ASIO Wants Access to Smart Card Database

ASIO Wants Access to Smart Card Database

March 7, 2007: The government’s smart card initiative is again raising concerns in parliament, with the head of ASIO telling a Senate committee that a warrant was not needed for it to request information from the smart card database.

The smart card or “access card” as dubbed by the government, will be required by all adults seeking Medicare payments and is expected to be implemented by 2010.

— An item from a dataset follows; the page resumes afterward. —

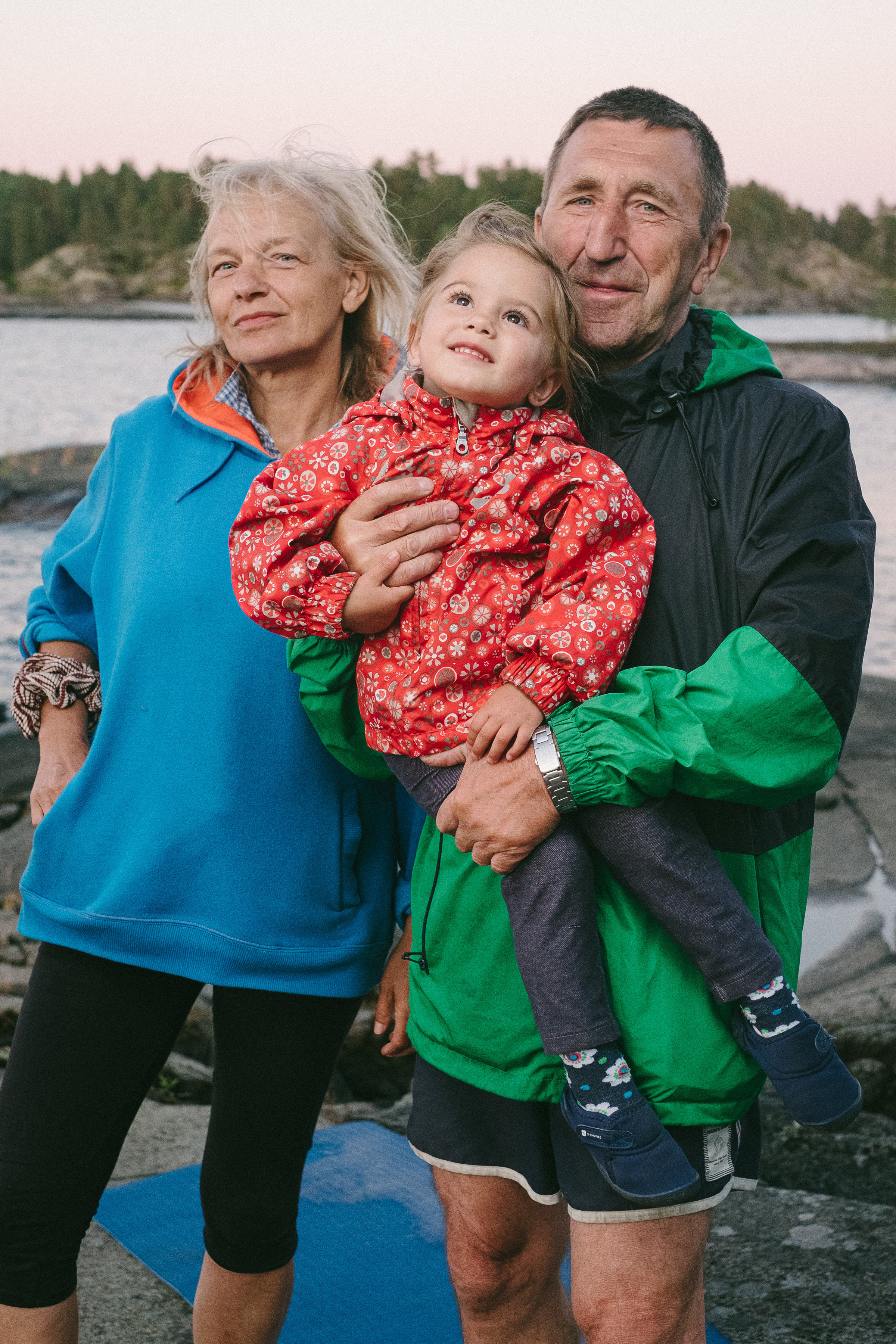 Ладога 2021. Фотограф в Тбилиси. Портрет, репортаж, эвент. Геннадий Демченко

The service is intended to eliminate welfare fraud by checking user details against a giant database that will include 16.5 million biometric snapshots of registered users. While then Minister for Human Services Joe Hockey said at the time of the card’s announcement that the inclusion of personal information such as data of birth and next of kin would be voluntary, some still fear that the card could be the thin edge of the wedge.

In this regard, the revelation made by ASIO head Paul O’Sullivan certainly isn’t helping government claims that the smart card would end up being used as an identity card, particularly considering the AFP also would like powers to use the database in its own investigations.

According to The Sydney Morning Herald though, Patricia Scott, secretary for the Department of Human Services, says that talks between lawyers from the department and ASIO have concluded that ASIO could only request access to the card itself, not the database. If this request was denied, ASIO would then have to resort to a court order.